Da bambino avevo tre miti, tre figure che avrei voluto essere da grande: il poliziotto, il medico e lo scrittore.
La mia esperienza con la scrittura è partita con i soliti Geronimo Stilton e Piccoli Brividi.
Le medie sono state un periodo devastante in cui avevo smesso di credere nelle mie capacità di scrittura, leggevo con la convinzione che nella mia vita non avrei mai tirato fuori nulla di lontanamente paragonabile a una bella storia da raccontare.
Semplicemente non era una cosa che ero davvero in grado di fare.
Ma con il liceo, Dio grazia, è cambiato tutto.
Merito soprattutto della prof. di italiano che ci spronava a sprigionare la nostra creatività letteraria senza giudizi.

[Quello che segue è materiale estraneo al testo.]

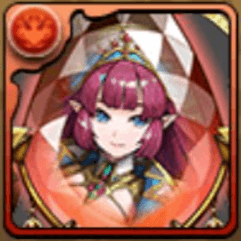 衛生神・ヒュギエイアのブローチ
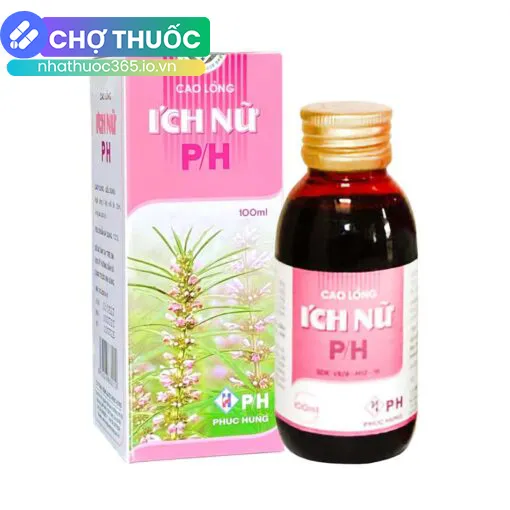 nhathuoc365.io.vn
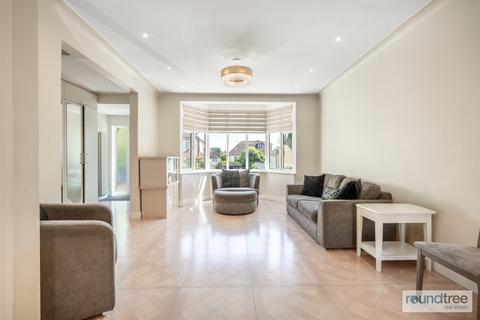 5 bedroom house for sale, Leeside Crescent, Golders Green, NW11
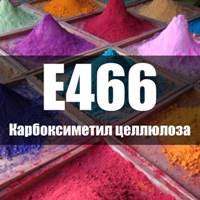 Распространенная пищевая добавка изменяет кишечный микробиом Распространенная пищевая добавка изменяет кишечный микробиом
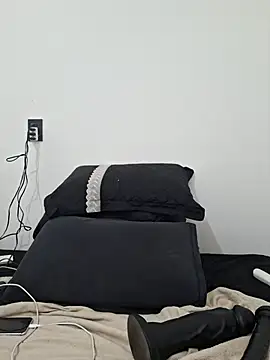 Lua_rinaldix Obrolan Langsung XXX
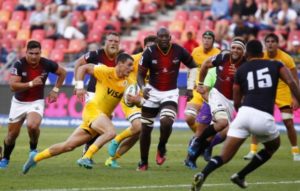 Read more about the article Top Super Rugby tries (Round 1)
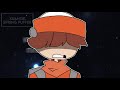 rhinestone eyes | animation meme (socksfor1)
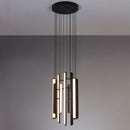 Alenka Chandelier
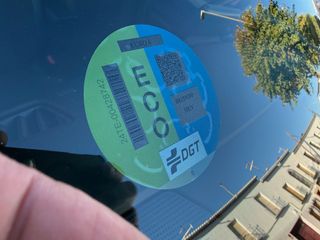 Por 349€ mes Arkana Techno ETECH full hybrid 145CV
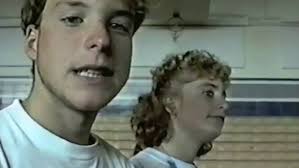 Senior Prom Long Branch High School '62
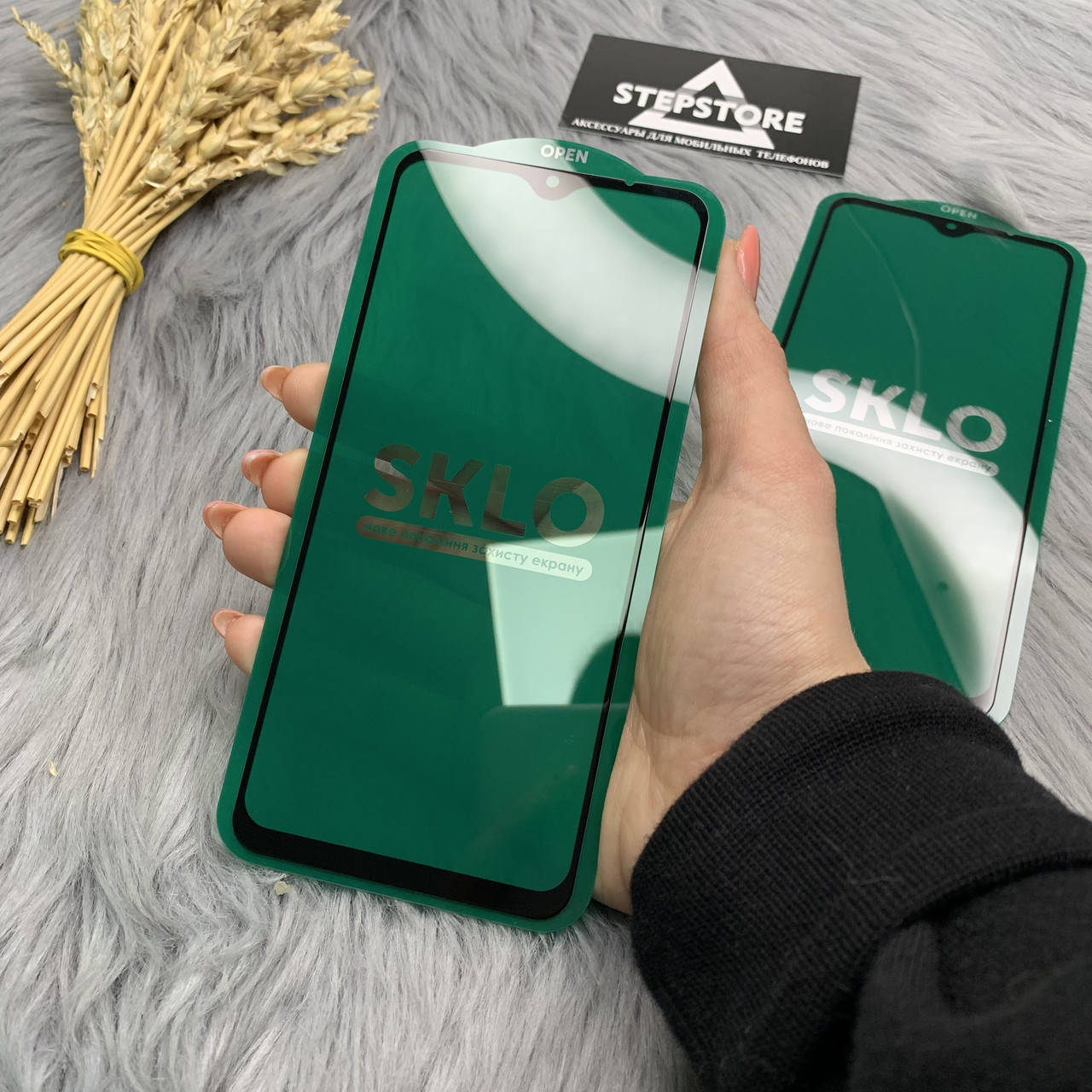 Защитное стекло 3D 5D для Poco M3 со скругленными краями противоударное с рамкой черное, Черный
Защитное стекло 3D 5D для Poco M3 со скругленными краями противоударное с рамкой черное, Черный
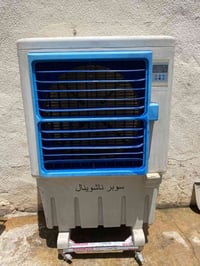 كنفره • اثاث • للبيع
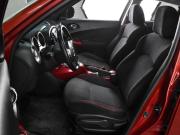 Nissan Juke I Воронеж  - изображение 30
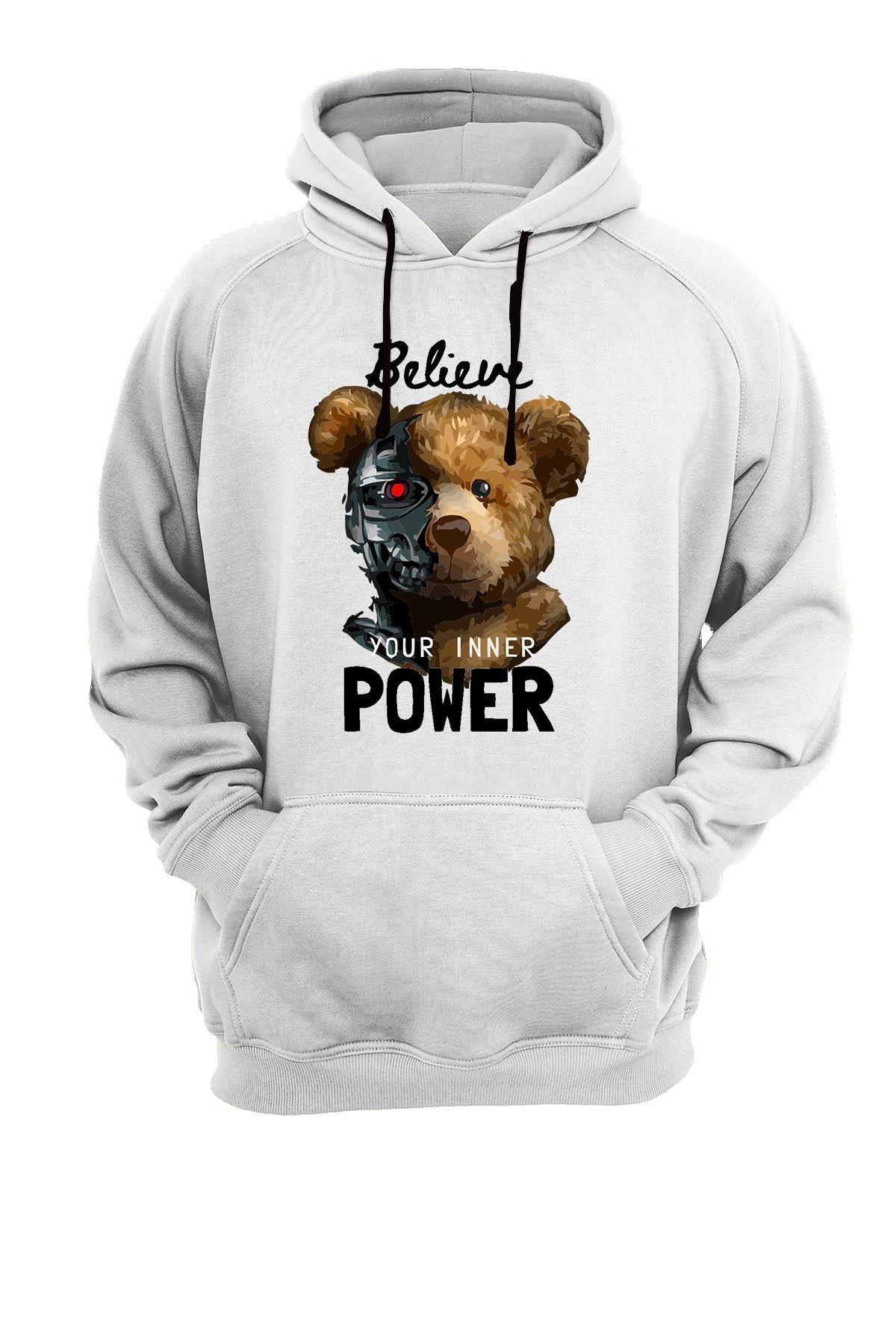 widi-guclu-ayi-baskili-sweatshirt-beya-5c-b83.jpg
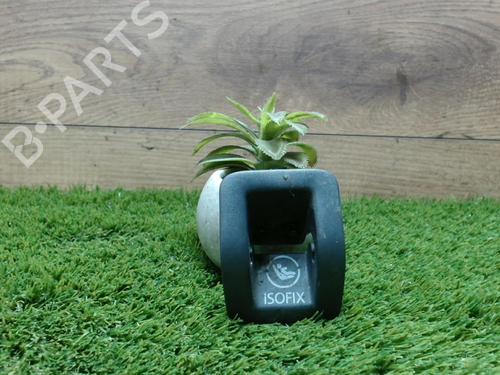 Used Other VW GOLF V (1K1) 1.9 TDI (105 hp) 31233533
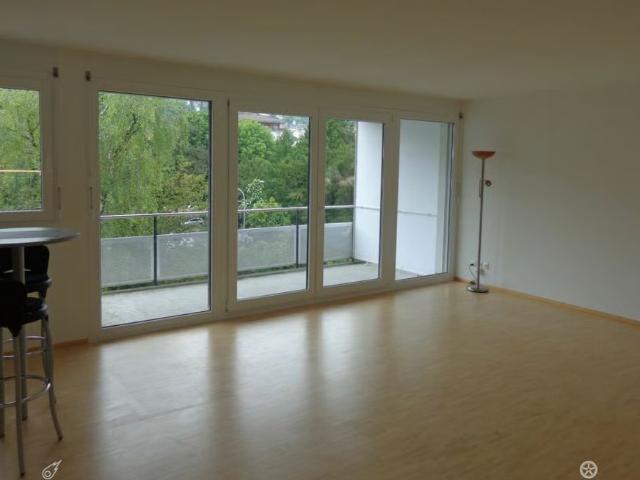 Apartment mieten in Biel, Bern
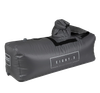 Ronix Eight.3 Telescope Trapezoid Ballast 1100lbs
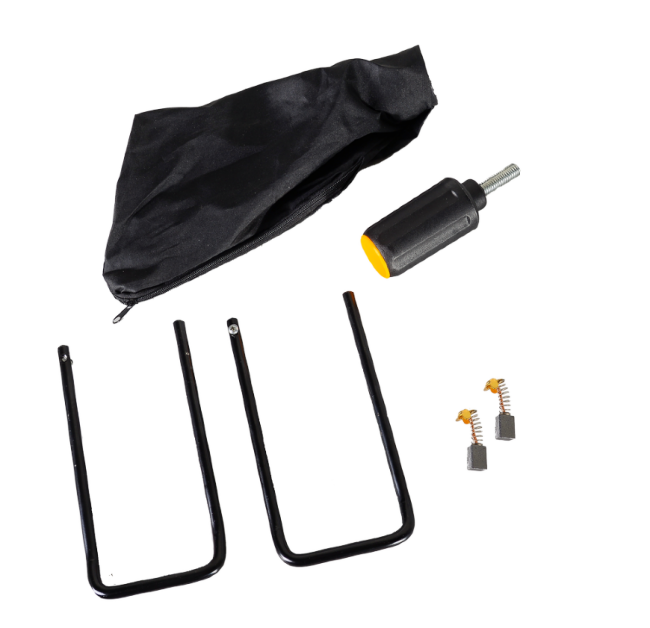 Торцовочная пила ВИХРЬ ПТ-255Л в Казани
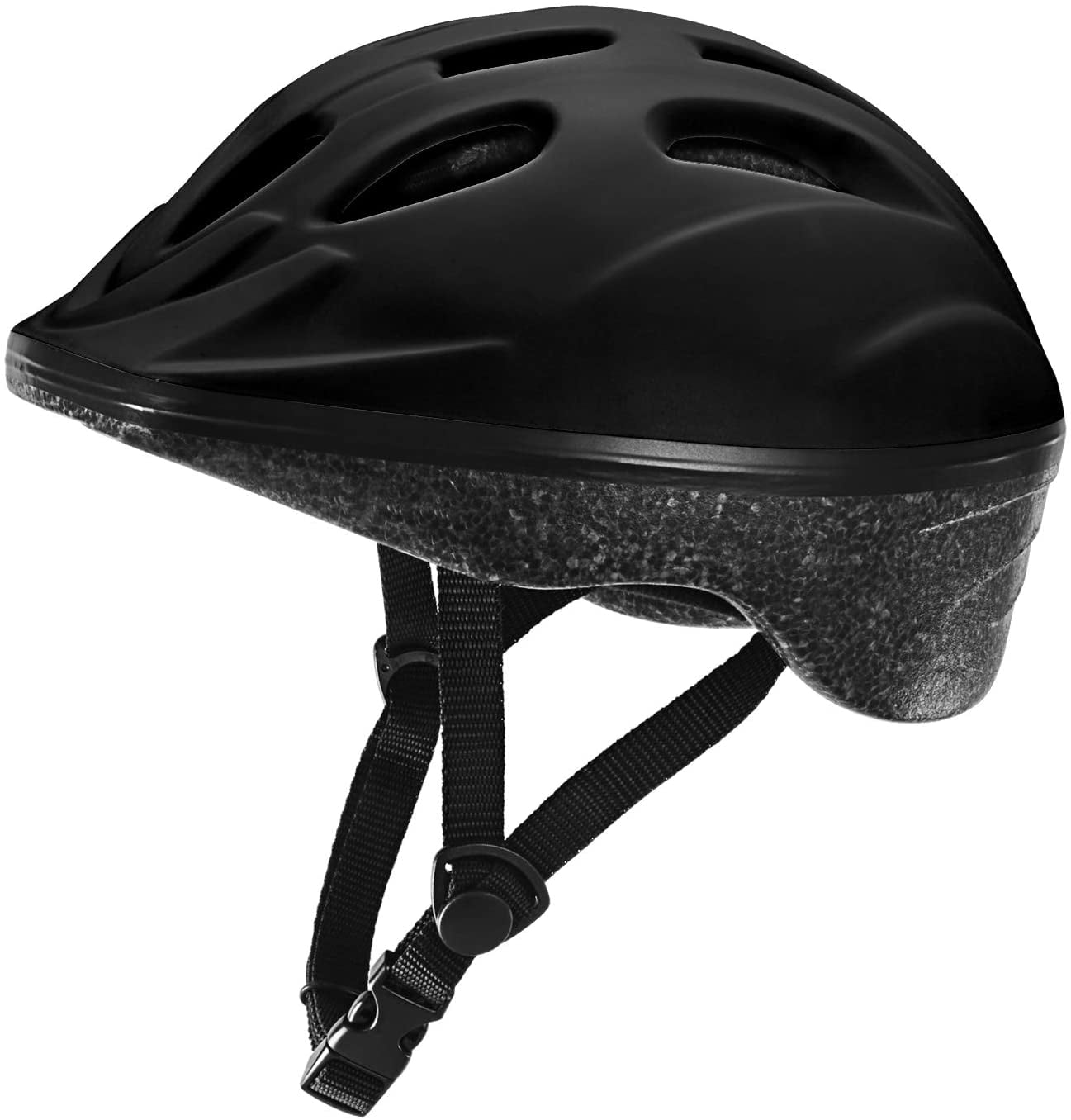 Details about   Kids Cycling Helmet Adjustable Safety Multi-sport Child Helmet For Balancing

Lì ho ritrovato quel brivido di inventarsi realtà di fantasia, lì ho capito che era uno dei modi più validi per riuscire a mantenere in vita il bambino che era in me senza restare infantile.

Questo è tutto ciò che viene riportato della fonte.